マクナマラCEOの発言は、JPモルガン証券が16〜18日に米国で開催した「グローバルTMTカンファレンス」においてなされた。同氏は「ノートPC産業の利益率は当社が参入した当時の3%から現在1.5%まで低下しており、さらに当社はこの水準にも達していない」と述べ、来年向けの受注争いには加わらない姿勢を示唆した。
ノートPC業務からの撤退について、フレクストロニクス台湾の広報部はコメントを避けたが、業界関係者によると撤退は既定路線で、既に同社内部では今後タブレットPCやスマートフォンなどのより利益率の高い製品に注力すべく、リソースの整理に着手しているという。
EMSからODMへ発注回帰
ノートPC受託業界は、フレクストロニクスや鴻海科技集団(フォックスコン)などEMSメーカーの参入などにより、過去数年で主要メーカーが4社から7社に増加、価格競争が加熱した。さらに原料価格や中国の人件費上昇などが加わり、ほとんど利益の出ない状況となっている。
2007年に同事業へ参入したフレクストロニクスは、その後受注拡大を進め、ヒューレット・パッカード(HP)から毎月40万〜50万台の受託獲得に成功した。しかし、他の顧客開拓に進展が見られない上、HPが最近行った12年向けの見積要求(RFQ)では、EMSに発注していた分をODM(相手先ブランドによる設計・製造)に戻す傾向が見受けられ、こうした状況が、フレクストロニクスに撤退を迫っているようだ。

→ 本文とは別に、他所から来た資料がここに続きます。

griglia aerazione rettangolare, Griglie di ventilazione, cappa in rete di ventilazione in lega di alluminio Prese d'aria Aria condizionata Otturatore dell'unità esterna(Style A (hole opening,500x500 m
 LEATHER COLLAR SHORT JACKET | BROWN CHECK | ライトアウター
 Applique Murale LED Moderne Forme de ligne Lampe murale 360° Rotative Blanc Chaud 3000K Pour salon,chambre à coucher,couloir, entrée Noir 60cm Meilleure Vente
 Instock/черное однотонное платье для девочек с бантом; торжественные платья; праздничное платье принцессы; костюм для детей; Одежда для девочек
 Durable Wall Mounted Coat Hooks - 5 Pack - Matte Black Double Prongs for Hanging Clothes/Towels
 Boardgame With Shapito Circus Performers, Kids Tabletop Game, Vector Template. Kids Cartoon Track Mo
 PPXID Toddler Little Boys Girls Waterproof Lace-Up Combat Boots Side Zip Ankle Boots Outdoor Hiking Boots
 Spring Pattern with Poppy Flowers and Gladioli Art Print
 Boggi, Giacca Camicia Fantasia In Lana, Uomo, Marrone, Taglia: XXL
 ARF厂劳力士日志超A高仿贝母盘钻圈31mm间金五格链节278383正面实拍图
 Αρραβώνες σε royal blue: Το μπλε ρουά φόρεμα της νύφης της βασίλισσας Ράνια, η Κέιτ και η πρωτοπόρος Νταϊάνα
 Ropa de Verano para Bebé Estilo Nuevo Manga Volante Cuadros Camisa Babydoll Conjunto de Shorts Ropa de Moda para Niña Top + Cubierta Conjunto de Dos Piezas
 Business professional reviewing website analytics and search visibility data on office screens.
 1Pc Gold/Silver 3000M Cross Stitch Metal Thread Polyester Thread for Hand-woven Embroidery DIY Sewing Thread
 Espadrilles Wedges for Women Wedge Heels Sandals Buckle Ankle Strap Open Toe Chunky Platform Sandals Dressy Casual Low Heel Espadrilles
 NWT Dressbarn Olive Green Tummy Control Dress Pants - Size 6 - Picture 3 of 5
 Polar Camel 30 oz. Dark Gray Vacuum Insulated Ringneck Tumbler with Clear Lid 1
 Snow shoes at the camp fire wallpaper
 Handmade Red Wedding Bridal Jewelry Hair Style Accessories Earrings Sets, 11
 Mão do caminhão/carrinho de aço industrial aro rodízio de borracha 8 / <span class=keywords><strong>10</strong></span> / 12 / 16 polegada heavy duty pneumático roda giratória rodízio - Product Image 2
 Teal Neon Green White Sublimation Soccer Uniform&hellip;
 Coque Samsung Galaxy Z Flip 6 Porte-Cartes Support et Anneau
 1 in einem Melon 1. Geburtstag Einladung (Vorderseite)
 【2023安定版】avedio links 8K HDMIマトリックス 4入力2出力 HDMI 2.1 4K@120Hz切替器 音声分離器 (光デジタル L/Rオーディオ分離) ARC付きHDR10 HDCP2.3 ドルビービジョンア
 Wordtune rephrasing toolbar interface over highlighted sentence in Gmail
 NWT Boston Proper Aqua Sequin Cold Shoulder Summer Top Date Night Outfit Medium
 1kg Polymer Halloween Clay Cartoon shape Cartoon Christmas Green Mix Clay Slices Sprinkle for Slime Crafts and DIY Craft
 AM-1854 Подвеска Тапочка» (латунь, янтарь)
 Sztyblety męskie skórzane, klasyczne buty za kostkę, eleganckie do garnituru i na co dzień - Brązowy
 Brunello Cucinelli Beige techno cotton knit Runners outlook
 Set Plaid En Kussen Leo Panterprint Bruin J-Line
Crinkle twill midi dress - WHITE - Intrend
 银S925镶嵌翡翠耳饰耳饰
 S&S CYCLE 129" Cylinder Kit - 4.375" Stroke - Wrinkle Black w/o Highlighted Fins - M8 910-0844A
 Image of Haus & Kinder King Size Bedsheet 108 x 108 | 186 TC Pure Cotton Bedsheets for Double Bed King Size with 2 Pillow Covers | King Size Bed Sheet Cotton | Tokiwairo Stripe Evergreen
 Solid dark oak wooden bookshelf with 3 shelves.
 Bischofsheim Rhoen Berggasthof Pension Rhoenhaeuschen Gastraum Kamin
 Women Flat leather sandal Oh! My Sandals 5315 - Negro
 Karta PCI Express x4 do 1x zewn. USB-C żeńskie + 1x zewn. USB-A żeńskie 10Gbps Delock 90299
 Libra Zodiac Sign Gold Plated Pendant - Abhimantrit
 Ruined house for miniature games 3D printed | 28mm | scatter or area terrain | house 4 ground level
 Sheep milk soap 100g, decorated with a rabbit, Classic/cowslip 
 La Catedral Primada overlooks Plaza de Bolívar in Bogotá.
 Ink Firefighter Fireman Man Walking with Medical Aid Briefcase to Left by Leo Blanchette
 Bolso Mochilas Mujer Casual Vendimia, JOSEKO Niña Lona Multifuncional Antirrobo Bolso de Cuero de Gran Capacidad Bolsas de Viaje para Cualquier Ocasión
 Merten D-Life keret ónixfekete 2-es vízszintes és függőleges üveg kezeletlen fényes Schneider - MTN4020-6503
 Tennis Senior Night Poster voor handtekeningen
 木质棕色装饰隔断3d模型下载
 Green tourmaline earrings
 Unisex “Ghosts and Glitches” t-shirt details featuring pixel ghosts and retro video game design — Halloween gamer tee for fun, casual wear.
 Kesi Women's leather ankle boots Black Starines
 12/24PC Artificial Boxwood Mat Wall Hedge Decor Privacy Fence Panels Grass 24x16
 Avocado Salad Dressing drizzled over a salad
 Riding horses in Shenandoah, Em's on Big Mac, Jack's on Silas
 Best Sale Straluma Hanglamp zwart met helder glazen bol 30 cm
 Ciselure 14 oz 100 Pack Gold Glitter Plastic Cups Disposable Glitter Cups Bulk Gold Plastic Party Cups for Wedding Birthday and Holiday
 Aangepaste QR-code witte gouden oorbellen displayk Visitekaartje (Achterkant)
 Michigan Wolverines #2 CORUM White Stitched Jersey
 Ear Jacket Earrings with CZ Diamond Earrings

HPの戦略転換について電子時報は、「EMSとODMを競争させることでコスト引き下げを狙ったが、20年におよぶ設計開発能力の蓄積を持つODMに対し、品質と納期の面でEMSは追いついていないため」と分析している。
鴻海もノートPC受託事業が展望通りに進まず、ブランド各社からの受注ペースが緩和したと伝えられている。同社はこのため、低価格で受注を奪う従来の戦略を転換したもようだ。同社はフレクストロニクスの撤退観測やブランドの「ODM回帰」について「ノーコメント」としつつ、「当社はこれまでも、顧客の需要に基づいて適切なサービスとソリューションを提供してきたし、今後もこれを続けていく」と強調した。
ODMは受注争いに消極姿勢
フレクストロニクスの撤退やHPのODM重視により、広達電脳(クアンタ・コンピューター)や緯創資通(ウィストロン)に対する発注が増えるとみられる。ただ、ODMメーカーも、シェアの拡大よりも利益率の追求を優先する姿勢に転じており、今後のHPのノートPC委託先比率は、ODMの受注意欲次第と言えそうだ。実際、HPの来年向け見積要求に対し、ODM大手の仁宝電脳工業(コンパル・エレクトロニクス)は、受注にそれほど意欲的でない姿勢を伝えたとされる。